♫ ♬These are a few of my (least) favorite things!♩ ♪

I recently  came across this list of things which are an absolute no-no in a man I may want to meet/marry/divorce  someday. The obvious things like pathological lying, cheating, wife-beating, drug using, snobbery, eating noisily with mouth open, being shitty at parallel parking etc., I am leaving out. Okay, so this is more a specific hate list based on a guy I did  know once. Before he skunked out.

1.) Doesn’t eat meat: I don’t want to mention the “V” word/s. This is sacrilegious. How on earth are we expected to peacefully co-exist if we cannot enjoy a matrimonial meal mostly comprising of bacon? No collective sighing over the sight of grilled chicken? No astonishing amounts of pâté on toast on Sundays? No synchronized gasp over steak?  This is absolutely unacceptable. Though…in hindsight…no one to steal bacon from my plate when I am not looking (meat-gasming). The grilled chicken is mine, all mine (my precious…muhahahha!) and there can be gasps over other things… like great works of art, or new technology, a sale at (tch tch, get your minds out of the gutter). But, seriously, watching the one constant person around eating quinoa and kale for the rest of my life? No, I’d want to share all this goodness (albeit begrudgingly).
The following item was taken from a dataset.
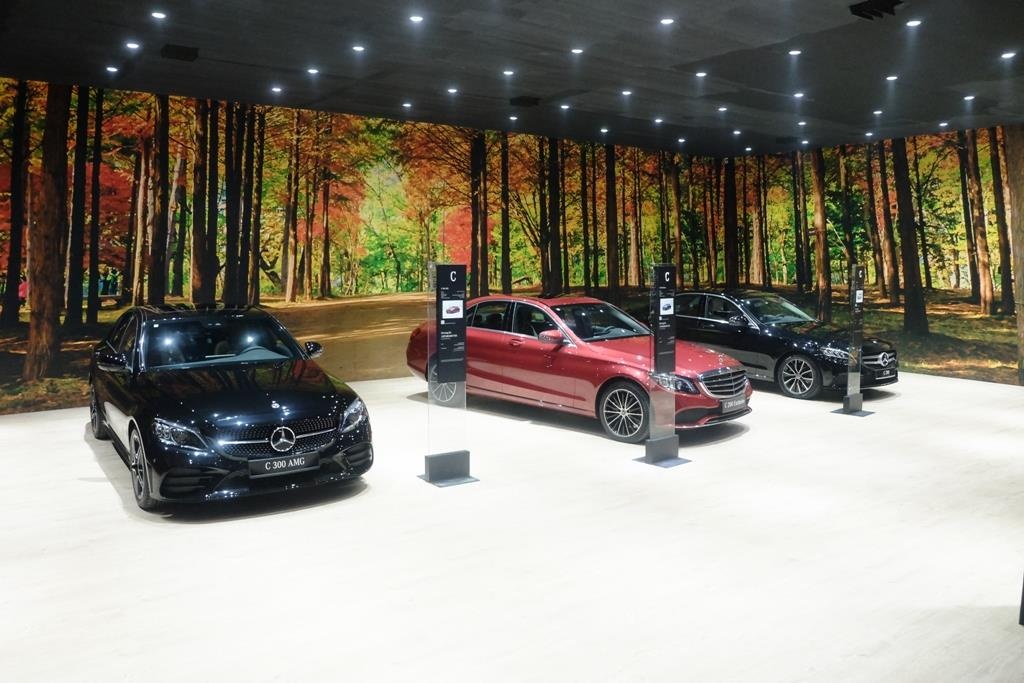 Fascination Show cua mercedes tai Ha Noi anh 1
2.) Fidgets: If there isn’t  a medical condition to excuse your constant fidgeting, I don’t want to know you. I cannot stand people who can’t sit still. Head twitching, finger tapping, constant leg shaking, shifting around on the couch, pacing about for no apparent reason. Ugh. I swear it gives me the shakes (No. It doesn’t. Seriously, no fidgeting.) It’s like you’re constantly bursting to pee! Have you done something you’re nervous about? Are there corpses in your basement I should be aware of? Are there red ants in your pants? (Them black ones do not bite, so not a valid reason.) Electrotherapy, counseling, meditation, 20kgs of prozac – I don’t care what is it that you need to do to sort this problem out, but please, do, be still.
3.) Bad with directions: There are some people who are perennially lost, you know? And they are so spatially challenged, both indoors and out, they will invariably point at the exact opposite direction when talking about a street or location. This is the most maddening thing even and always drives me up the wall. I recently read that there is an actual positioning system, an internal GPS if you will, in your brain, which controls this. Well, if it ain’t functioning in yours, please get lost. (Oh, I know you so will.)
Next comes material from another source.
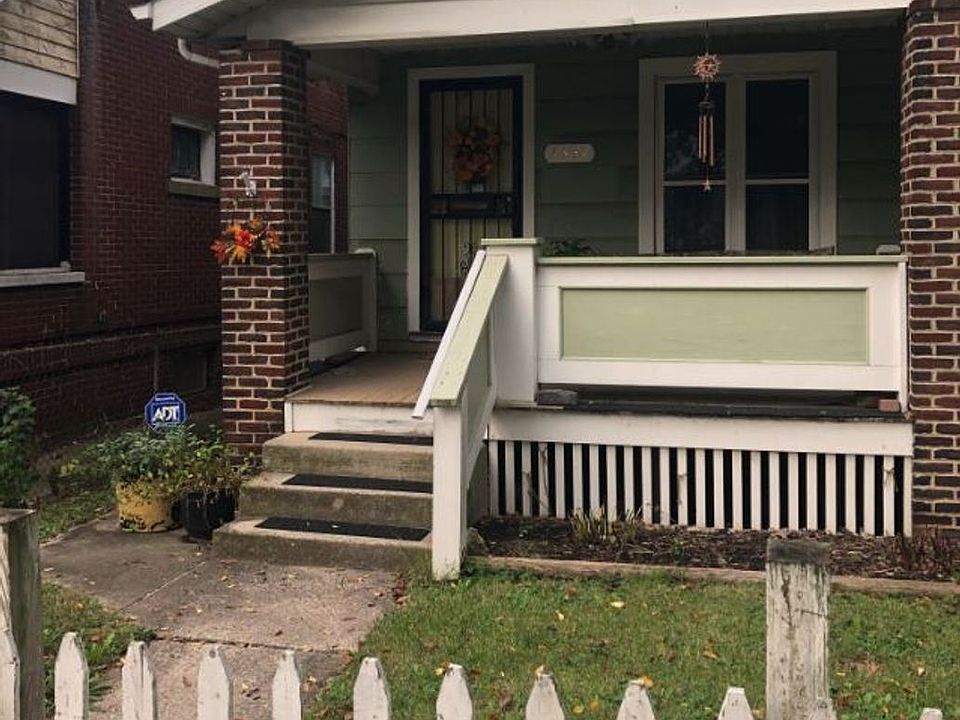 1st image of 1347 N 6th St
P.S.: Asking for driving directions is fine. But if you don’t get it in three tries, then, boy…we have a problem.
4.) Scoop-less: Always being oblivious to gossip is not endearing. I need a man with some input on the current going-ons of the rich and famous (must be super tabloid worthy) or at least be willing to pretend to do know Kimye (Yes, I said ‘Kimye’.) You can’t scoff at my need for scoop. Scoop is important. If we’re talking about cats in boxes that are and aren’t there, we’re also talking about Amanda Bynes’ latest exploits. Okay, no, maybe not her. But sneakily watching Wrecking Ball and Bound 2  and then pretending to be above it all is lame. Okay, I am kidding (we all do that). What I would really appreciate is having something to contribute to a meaningless, fun conversation once in a while. Lord knows I can make up most of it, but that remaining 20%, that’s on you, man.
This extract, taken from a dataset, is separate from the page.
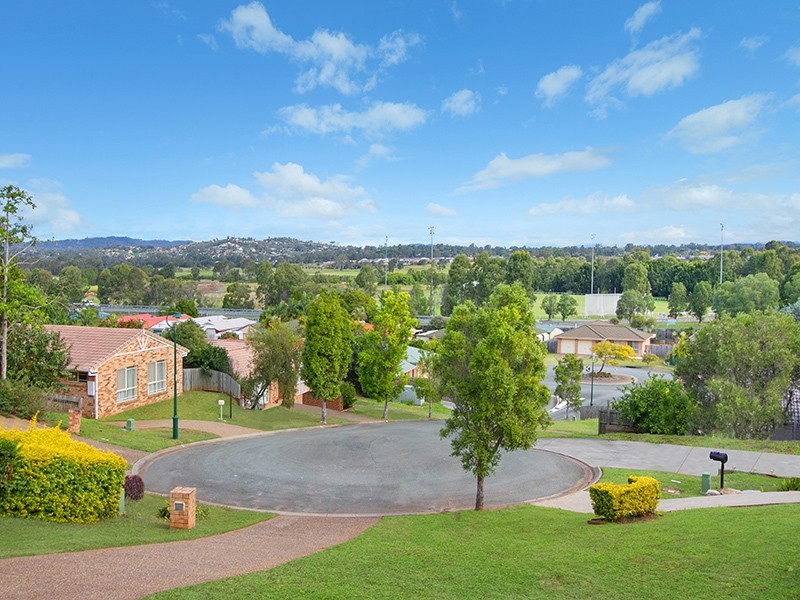 10 Kabut Court, Tanah Merah QLD 4128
5.) Doesn’t wear color: Which law states that if you’re male you cannot wear any color beyond black, white, blue and gray – or a grim combination of these? Someone please tell me where it’s written down. Are you a vampire? Or are you just the biggest sexist ever? (A bit much?) Okay, but seriously color CAN be part of your wardrobe, not just a bit of pattern on your tie or sock (and sometimes, sadly, it’s not even that to be honest!). Being able to wear color says something about a man, methinks. And, please, no tacky ‘gay’ jokes. Rise above, people, rise above.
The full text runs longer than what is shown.